The quantum computer of the future will be able to carry out computations far beyond the capacity of today's computers. Quantum superpositions and entanglement of quantum bits (qubits) make it possible to perform parallel computations. Scientists and companies worldwide are engaged in creating increasingly better quantum chips with more and more quantum bits. QuTech in Delft is working hard on several types of quantum chips.
The core of the quantum chips is made of silicon. "This is a material that we are very familiar with", explained Professor Lieven Vandersypen of QuTech and the Kavli Institute of Nanoscience Delft. "Silicon is widely used in transistors and so can be found in all electronic devices." But silicon is also a very promising material for quantum technology. PhD candidate Guoji Zheng stated: "We can use electrical fields to capture single electrons in silicon for use as quantum bits (qubits). This is an attractive material as it ensures the information in the qubit can be stored for a long time."
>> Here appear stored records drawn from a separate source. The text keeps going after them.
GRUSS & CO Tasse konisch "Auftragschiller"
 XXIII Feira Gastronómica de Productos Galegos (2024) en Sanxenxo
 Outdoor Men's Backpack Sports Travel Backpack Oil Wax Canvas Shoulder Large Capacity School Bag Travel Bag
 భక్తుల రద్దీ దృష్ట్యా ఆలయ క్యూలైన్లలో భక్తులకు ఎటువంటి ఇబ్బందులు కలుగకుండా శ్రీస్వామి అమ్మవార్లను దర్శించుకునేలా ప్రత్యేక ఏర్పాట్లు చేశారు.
Making useful computations requires large numbers of qubits and it is this upscaling to large numbers that is providing a challenge worldwide. "To use a lot of qubits at the same time, they need to be connected to each other; there needs to be good communication", explained researcher Nodar Samkharadze. At present the electrons that are captured as qubits in silicon can only make direct contact with their immediate neighbours. Nodar Samkharadze stated: "That makes it tricky to scale up to large numbers of qubits."
Other quantum systems use photons for long-distance interactions. For years, this was also a major goal for silicon. Only in recent years have various scientists made progress on this. The Delft scientists have now shown that a single electron spin and a single photon can be coupled on a silicon chip. This coupling makes it possible in principle to transfer quantum information between a spin and a photon. Guoji Zheng stated: "This is important to connect distant quantum bits on a silicon chip, thereby paving the way to upscaling quantum bits on silicon chips."
Lieven Vandersypen is proud of his team: "My team achieved this result in a relatively short time and under great pressure from worldwide competition." It is a true Delft breakthrough: "The substrate is made in Delft, the chip created in the Delft cleanrooms, and all measurements carried out at QuTech", added Nodar Samkharadze. The scientists are now working hard on the next steps. Lieven Vandersypen stated: "The goal now is to transfer the information via a photon from on electron spin to another."
This research was funded by an ERC Synergy Grant, NWO via the Nanofront Programme and Intel.
In a separate study published in the same issue ofScience, other researchers from the Kavli institute of Nanoscience at TU Delft also found a way to transfer spin information to photons.